The Man Behind The Wall serves as an appreciative look at the life and works of Roger Waters with the critic inside of Dave Thompson barely able to contain his enthusiasm as he describes the musical tapestries that Waters created before and after his split from the band. Still, Thompson is no Roger Waters apologist. When weighing the rights and wrongs of the man he writes about, the author can be decidedly harsh and carries picture of Waters a bit beyond the stage of “warts and all”. However, Waters’ “prickly” nature is hardly a well-kept secret and if this well-researched volume were to somehow sugarcoat or excuse some of Waters’ actions, failings and outbursts, readers who know better would just as likely consider this to be the work of a praising enthusiast and little more than Fan Fiction.
The Man Behind The Wall is much more than that, however, and while there are some curious omissions (for all the early days’ thorough coverage, Waters’ resurrection of The Dark Side of the Moon and The Wall tours – and along with them, his career – is touched on only slightly, even in comparison to the many aborted projects of his career) the book proves to be infinitely readable and hard to put down. In spite of its title, Roger Waters The Man Behind The Wall is actually more of a long-form (and well-written) research paper on Pink Floyd and its many members with the most weight undeniably given to Roger Waters himself, even though the stories are not always told from his point of view or with his sympathies at heart.

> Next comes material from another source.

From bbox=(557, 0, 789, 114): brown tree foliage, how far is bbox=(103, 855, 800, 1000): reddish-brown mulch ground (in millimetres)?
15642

Each major character in Waters’ life is given their own biographical treatment so that we understand our main character and his actions and reactions all the better.

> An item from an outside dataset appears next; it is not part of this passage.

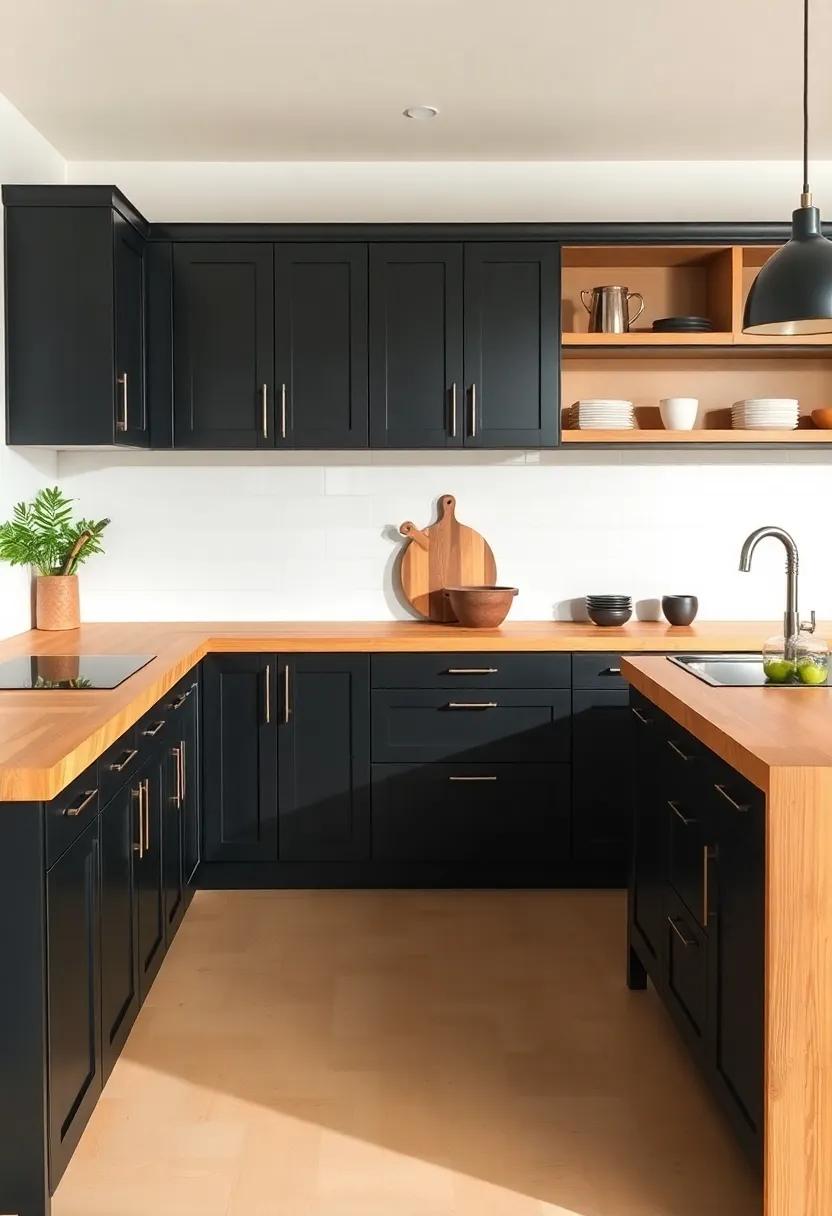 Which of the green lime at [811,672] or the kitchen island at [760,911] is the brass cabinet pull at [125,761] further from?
the green lime at [811,672]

Roger Waters The Man Behind The Wall also features discography, bibliography, notes, acknowledgements and a thorough index. The most valuable “bonuses” the book sports are the two eight page glossy photo inserts from the Pink Floyd and solo years. Naturally, the main attraction is the prose itself and Thompson takes no easy paths in his exposé of Waters. Waters is a massively complex man. It takes a very complex writer to capture this much and to shine light on what we admire and dislike about this musical genius. Thompson here proves that he is the right man for the job.